An open letter to Area Businesses.
Dear Local Businesses,
I have noticed some practices you currently employ under the guise of “urban marketing” or “guerilla advertising” that have forced me to come to the conclusion that I will no longer be giving you my business. I dare not speak on behalf of all of your customers, but your current methods worry me. Seeing your poor sap standing on the corner holding an arrow-shaped sign above his head swaying back and forth fighting the urge to slip into unconsciousness has at no time in my impulse-buying-consumer adulthood caused me to think to myself: Hey, wait a minute, I DO need a house from the low $499’s! Man, if that lady with the conical hat on her head hadn’t been standing there drenched in sweat I’d’ve totally missed this once in a lifetime real estate opportunity!
Or: Wow, can you believe it? Milkshakes at Chick-Fil-A! I’m so glad cow costume man standing there in 105-degree-heat-index-82%-humidity let me know with his sign that says ‘Drink More Milkshakez, Pleez don’t eatz beefz.’
Now, I know your initial reaction will be to say, “Hey, but we’re giving this person a job!” Maybe, but I’ll go ahead and say that (1) nothing will compensate this person for the wasted hours let alone the future medical cost incurred due to the high probability of melanoma onset in later life or instant onset of heat stroke, and (2) I cannot imagine the death of an employee will be worth the three or four more impressions you will get from the cars that speed by. You might have a two-fold second reaction (also the most likely): You are an idiot, Mr. Grubbs, we don’t need your business anyway, and this gives our low-level employees time to perfect their pop-and-lock dance skillz. Touche.
But the CPMs are so cheap, Jonathan; a sign and dude holding it at $5.75 an hour! Can’t be beat!

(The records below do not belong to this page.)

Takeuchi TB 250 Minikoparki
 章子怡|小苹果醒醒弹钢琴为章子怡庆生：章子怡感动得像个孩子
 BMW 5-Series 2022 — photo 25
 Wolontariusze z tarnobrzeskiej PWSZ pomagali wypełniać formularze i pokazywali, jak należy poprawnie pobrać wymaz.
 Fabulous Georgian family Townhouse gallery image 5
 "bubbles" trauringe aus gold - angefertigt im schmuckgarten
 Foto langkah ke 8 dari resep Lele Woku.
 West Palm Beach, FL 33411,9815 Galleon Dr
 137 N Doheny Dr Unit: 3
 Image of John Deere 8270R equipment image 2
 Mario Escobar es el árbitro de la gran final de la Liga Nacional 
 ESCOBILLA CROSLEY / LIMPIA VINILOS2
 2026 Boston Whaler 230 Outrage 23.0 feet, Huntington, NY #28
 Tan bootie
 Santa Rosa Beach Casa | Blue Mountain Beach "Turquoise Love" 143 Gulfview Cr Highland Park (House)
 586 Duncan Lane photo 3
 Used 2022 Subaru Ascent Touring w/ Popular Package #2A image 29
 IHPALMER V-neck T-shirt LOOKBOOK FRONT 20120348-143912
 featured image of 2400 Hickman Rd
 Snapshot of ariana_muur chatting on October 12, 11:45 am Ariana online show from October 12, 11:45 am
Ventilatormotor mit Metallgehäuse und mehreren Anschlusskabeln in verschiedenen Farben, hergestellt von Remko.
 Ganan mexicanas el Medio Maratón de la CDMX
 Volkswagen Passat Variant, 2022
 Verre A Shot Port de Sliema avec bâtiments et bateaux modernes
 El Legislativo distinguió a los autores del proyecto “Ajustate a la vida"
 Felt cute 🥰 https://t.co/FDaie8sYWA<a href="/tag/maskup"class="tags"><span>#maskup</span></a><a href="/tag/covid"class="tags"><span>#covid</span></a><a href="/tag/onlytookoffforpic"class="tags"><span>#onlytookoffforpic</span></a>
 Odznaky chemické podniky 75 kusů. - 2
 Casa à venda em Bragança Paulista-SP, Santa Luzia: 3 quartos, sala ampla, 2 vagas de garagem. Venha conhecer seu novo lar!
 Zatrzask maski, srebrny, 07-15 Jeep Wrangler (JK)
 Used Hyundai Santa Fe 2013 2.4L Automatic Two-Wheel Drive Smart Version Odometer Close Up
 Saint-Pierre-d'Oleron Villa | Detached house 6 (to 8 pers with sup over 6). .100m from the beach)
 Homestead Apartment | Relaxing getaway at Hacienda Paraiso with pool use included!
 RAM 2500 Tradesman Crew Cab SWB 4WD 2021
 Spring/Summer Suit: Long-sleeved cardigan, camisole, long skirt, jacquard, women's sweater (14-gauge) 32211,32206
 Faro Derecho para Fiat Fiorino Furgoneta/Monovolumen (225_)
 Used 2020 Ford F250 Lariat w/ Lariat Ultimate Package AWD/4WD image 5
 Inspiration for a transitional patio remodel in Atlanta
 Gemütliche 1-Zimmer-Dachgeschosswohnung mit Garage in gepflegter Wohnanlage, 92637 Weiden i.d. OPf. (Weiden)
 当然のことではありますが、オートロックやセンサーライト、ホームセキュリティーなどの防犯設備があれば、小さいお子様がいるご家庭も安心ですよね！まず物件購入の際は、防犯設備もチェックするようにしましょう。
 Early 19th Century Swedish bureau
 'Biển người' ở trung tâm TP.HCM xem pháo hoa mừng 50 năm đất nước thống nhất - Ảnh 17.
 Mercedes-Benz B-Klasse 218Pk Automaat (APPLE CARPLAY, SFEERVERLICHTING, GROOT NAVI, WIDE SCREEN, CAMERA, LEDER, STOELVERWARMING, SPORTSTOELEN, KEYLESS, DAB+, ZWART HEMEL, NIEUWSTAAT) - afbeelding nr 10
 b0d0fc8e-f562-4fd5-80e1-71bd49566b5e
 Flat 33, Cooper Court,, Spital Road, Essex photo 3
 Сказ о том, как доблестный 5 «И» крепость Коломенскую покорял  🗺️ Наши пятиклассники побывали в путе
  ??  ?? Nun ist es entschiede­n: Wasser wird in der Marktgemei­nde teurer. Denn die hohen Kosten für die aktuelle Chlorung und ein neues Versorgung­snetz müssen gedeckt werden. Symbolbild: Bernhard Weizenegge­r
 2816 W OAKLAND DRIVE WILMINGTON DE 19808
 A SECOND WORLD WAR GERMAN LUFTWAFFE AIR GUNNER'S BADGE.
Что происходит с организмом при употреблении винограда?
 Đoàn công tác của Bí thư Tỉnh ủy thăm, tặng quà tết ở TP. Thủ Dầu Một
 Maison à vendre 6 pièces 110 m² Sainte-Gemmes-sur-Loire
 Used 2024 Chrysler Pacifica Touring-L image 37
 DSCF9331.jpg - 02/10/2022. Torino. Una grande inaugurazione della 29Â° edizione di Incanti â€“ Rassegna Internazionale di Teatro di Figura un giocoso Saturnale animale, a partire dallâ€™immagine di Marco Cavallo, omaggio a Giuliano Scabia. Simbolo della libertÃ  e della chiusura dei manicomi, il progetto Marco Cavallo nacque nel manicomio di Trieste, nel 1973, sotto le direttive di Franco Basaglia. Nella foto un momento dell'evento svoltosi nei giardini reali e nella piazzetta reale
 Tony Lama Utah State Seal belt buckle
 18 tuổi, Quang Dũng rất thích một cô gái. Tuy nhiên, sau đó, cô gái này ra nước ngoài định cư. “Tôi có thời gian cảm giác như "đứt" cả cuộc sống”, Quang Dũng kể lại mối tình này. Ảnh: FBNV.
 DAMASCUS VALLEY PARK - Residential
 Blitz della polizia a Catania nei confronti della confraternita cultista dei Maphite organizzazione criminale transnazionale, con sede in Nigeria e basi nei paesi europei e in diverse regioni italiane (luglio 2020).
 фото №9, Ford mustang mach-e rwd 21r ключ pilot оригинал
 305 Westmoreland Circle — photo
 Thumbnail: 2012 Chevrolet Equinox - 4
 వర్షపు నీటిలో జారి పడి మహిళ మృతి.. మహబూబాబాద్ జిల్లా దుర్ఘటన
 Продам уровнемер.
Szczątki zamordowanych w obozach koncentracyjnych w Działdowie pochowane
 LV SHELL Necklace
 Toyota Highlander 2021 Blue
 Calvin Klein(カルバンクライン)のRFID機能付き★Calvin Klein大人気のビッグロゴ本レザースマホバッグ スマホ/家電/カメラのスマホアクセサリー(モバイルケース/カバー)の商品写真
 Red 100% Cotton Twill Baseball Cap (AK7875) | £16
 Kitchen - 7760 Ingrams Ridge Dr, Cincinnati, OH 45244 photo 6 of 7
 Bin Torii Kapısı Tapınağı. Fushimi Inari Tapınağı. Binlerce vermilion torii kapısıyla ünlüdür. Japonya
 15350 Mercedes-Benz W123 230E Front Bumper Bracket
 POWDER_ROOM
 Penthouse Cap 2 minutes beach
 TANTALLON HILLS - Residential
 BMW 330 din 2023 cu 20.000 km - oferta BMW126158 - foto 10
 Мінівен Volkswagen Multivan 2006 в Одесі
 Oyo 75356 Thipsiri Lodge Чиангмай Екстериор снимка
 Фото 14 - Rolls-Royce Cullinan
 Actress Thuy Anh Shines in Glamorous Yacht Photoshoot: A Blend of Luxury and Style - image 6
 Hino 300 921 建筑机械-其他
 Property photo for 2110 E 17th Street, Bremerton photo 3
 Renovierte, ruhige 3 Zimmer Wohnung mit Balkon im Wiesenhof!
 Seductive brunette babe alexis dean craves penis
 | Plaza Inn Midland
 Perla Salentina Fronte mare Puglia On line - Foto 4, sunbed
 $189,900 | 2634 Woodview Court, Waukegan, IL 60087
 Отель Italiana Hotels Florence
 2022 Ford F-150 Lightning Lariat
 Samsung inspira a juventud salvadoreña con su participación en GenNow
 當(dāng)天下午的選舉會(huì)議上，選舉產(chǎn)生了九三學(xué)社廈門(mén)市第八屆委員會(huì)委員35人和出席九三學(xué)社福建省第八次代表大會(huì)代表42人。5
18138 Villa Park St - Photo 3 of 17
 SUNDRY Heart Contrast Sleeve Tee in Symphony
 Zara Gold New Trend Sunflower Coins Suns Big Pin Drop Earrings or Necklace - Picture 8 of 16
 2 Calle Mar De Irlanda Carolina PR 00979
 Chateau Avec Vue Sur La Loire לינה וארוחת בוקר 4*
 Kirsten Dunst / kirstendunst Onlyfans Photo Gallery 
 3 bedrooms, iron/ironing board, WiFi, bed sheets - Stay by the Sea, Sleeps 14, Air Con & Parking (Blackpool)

Yes, but I’ll posit a sign post stuck in the ground will give you the same number of impressions for your ad with far less overhead! (Not to mention the legal entanglement that accompanies the death of an employee during work hours!) Of course I know what you’re thinking. There’s no way people will notice a sign stuck to a post! It doesn’t wave the arrow, welcoming people to our store! Indeed, but it does do more than the unconscious teenager slumped into the grass by the roadside.
Basically, I asking you to pull your workers in from the intense heat. Save this ad scheme for the fall or spring; not winter, however, because then you’ll have the converse problem: death by lack of hot chocolate or tongues freezing to ad signs via the triple dog dare.
Until I see that you have followed my guidelines, you will no longer have my dollars.